Published on

Interpreting ML Models

Authors

Introduction

Explaining features and interpreting your models has taken a sharp rise in Europe. Partly because of new laws and regulatory measures being taken, such as GDPR and the EU’s "Right to Explanations", alongside the rise in interest in applying machine learning. This has mandated data scientists to explain why a model has given a certain prediction. For example, institutions with highly sensitive data (i.e. personal data), that have models that output a potentially life changing decision would mandate regulations and require the data scientists to explain the decision that had been made. Hence, this blog post on model interpreting.

This blog is part 1 of a 2 part series where this blog covers Feature Importance, Permutation Importance and Partial Dependence Plots. The second part of this series covers SHAP and LIME, check it out here.

Feature Importance

Machine learning models are often considered black boxes. Meaning, data goes in and a prediction comes out, with no understanding on how that decision was made.

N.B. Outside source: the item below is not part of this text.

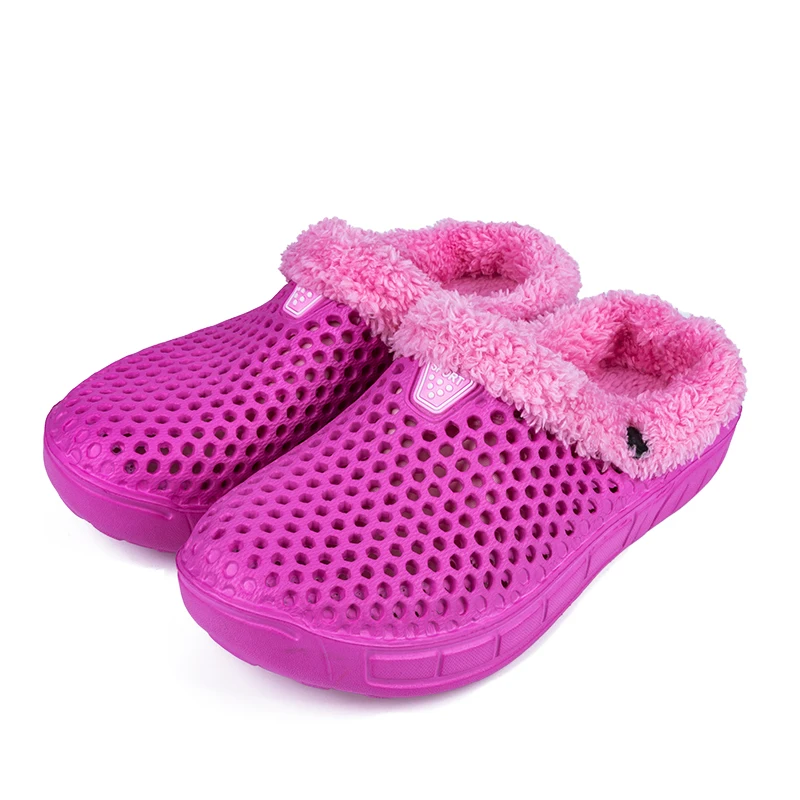 

Winter Croc Unicorn Slippers Menâ€˜s Flip Flop Men Fur Slides Cotton Indoor Shoes Warm Fluffy House Slipper2020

There are many types of machine learning models with various algorithms. There are also many ways to interpret a model's prediction. A Decision Tree based model is one of the most popular, mainly because of its white box nature and that it can be visualized with useful modules like graphiviz.

Decison Tree. As shown on Sci-kit learn Decision Trees tutorial.

Feature importance can be measured in multiple ways, for example, Decision Tree based models use the Gini importance - read this blog post to understand what Gini impurity is. Once you have this you can plot it and see which feature is most important for the Decision Tree. For linear models, such as linear regression, the coefficients are used to establish whether a feature is important. Feature selection methods such as l1 norm reduce dimensionality by selecting only non-zero coefficients.

However, this can be misleading, particularly for high cardinality data (i.e. attributes with many unique values). Feature importance values will be greater for high cardinality attributes. A popular alternative, which can also be generalized for various machine learning models, is Permutation Importance.

Permutation Importance

Permutation importance (PI) is used for feature evaluation and is not biased towards high cardinality features. After fitting a model to the training data, we observe the score of the model when randomly shuffling a single column while keeping all other columns the same. This effectively makes the target value independent of the feature. Computation to calculate PI is more costly compared to impurity or coefficient based importance computations.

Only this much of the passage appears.